ESPC customers generally own their energy systems, allowing them to depreciate the investment over time. Energy-as-a-service agreements, or EaaS, offer a turnkey alternative for customers not interested in financing and maintaining the infrastructure themselves.
Most Schneider customers prefer direct ownership, which is fine with the company — but it’s also willing to work with those that just want to buy power generated on-site, Starkey said.
Schneider offers two EaaS solutions, AlphaStruxure and GreenStruxure, in partnership with private equity firms Carlyle Group and Blackstone. The average AlphaStruxure customer requires more than 5 megawatts of power, the equivalent of 5,000 typical homes, while GreenStruxure is a zero-carbon solution for commercial and industrial customers that spend at least $500,000 per year on electricity, Schneider says.
Keeping the lights on when it really matters
Beyond direct financial savings, microgrids have indirect benefits like fewer operational disruptions, Starkey said.
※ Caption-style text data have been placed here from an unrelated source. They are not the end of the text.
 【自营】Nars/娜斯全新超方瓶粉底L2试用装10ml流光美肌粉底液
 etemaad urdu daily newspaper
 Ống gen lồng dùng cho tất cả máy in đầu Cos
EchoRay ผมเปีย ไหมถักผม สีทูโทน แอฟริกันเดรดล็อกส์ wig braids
Some PSPS events anticipate actual wildfire emergencies, as in Los Angeles this winter, but many do not. Without reliable, backup power, schools and municipal service providers may need to close or curtail activities during longer shutdowns.
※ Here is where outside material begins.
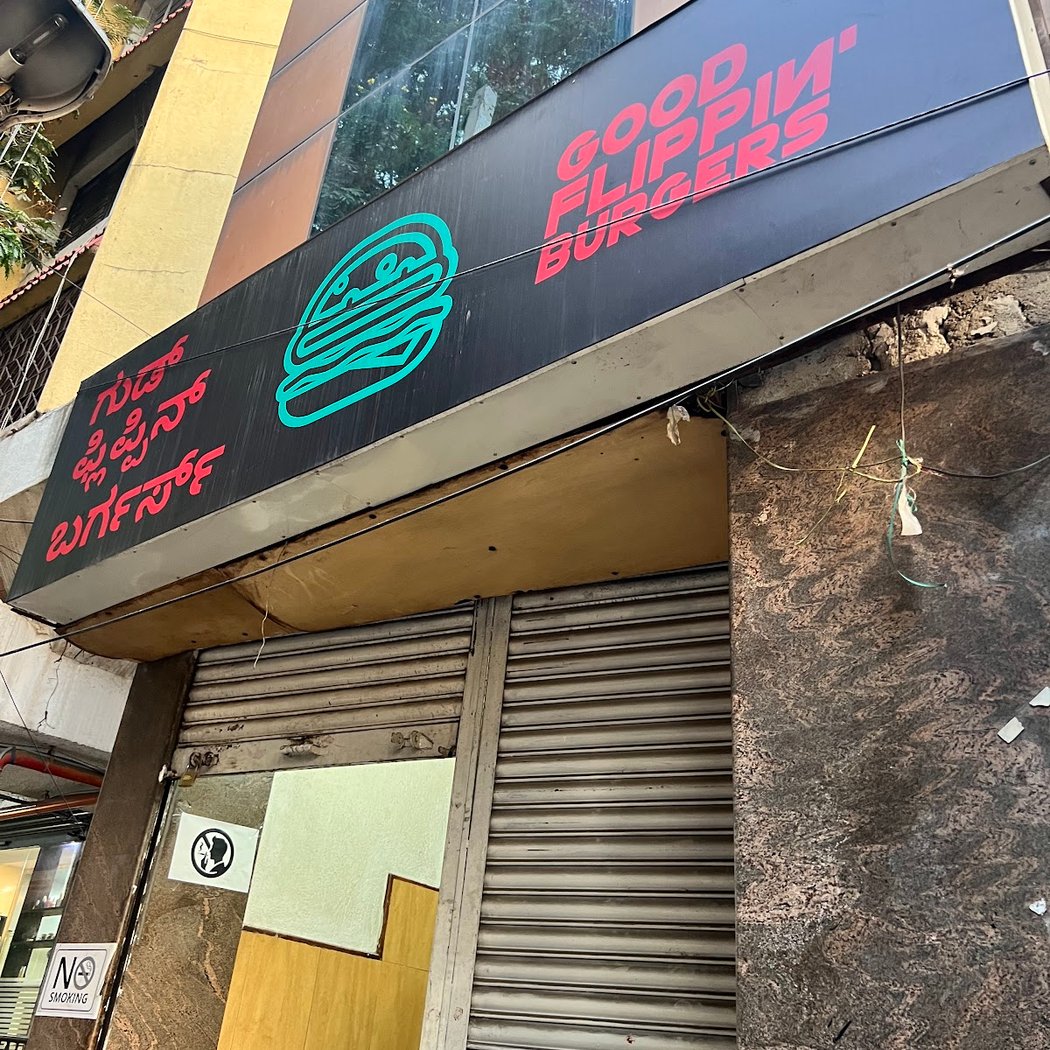 GOOD FLIPPIN' BURGERS® - Indiranagar 2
“[Our customers] are saying, ‘Hey, we want to keep our students in school,’” Starkey said.
Because states fund schools based on average daily attendance, extended or repeated closures may result in significantly less revenue over the course of a school year, Starkey said. And in an actual emergency — or even abnormally hot weather, when schools and other municipal facilities may double as cooling centers — backup power is critical to ensure vulnerable residents have a safe place to go, he said.
Most microgrids combine renewable energy sources like solar panels with fossil-fuel generators and batteries for backup power, Schneider says. But Starkey said it’s easy enough to tailor the mix of power sources to the needs of a particular site or user, including those with strict emissions-reduction goals.
“We definitely want to meet the vision of the customer in terms of their sustainability and climate action goals,” he said. Schneider’s solar-powered parking shelters and two-way “vehicle-to-grid” ports support the growing number of California customers that need to run electric fleet vehicles — or use them as mobile backup batteries — when the grid is down.
On the other hand, some customers already have diesel generators and want to be able to plug them into new microgrids. Schneider’s microgrid at the Ojai Unified School District offers this flexibility, Starkey said. Solar-and-battery combos can provide reliable backup power for relatively long periods in sunny California, but customers with mission-critical needs generally want to have generators on hand for added resilience in multiday outages, he said.
Regardless of their sustainability or technology preferences, Starkey tells facility operators to spend time on the front end figuring out which systems and functions truly need to be backed up. A municipal customer might go into a project expecting to back up its entire civic center, then consult with someone like Starkey and settle on a smaller system to serve just critical functions like IT and public works, he said.
Realistic outage duration and frequency projections are important too, Starkey said. In areas not prone to long PSPS events or general grid unreliability, that exercise keeps costs in check without compromising performance.
“The last thing we want to do is spend a bunch of money oversizing a solar and battery system to last for days when really you need [one] a fraction of that size,” Starkey said.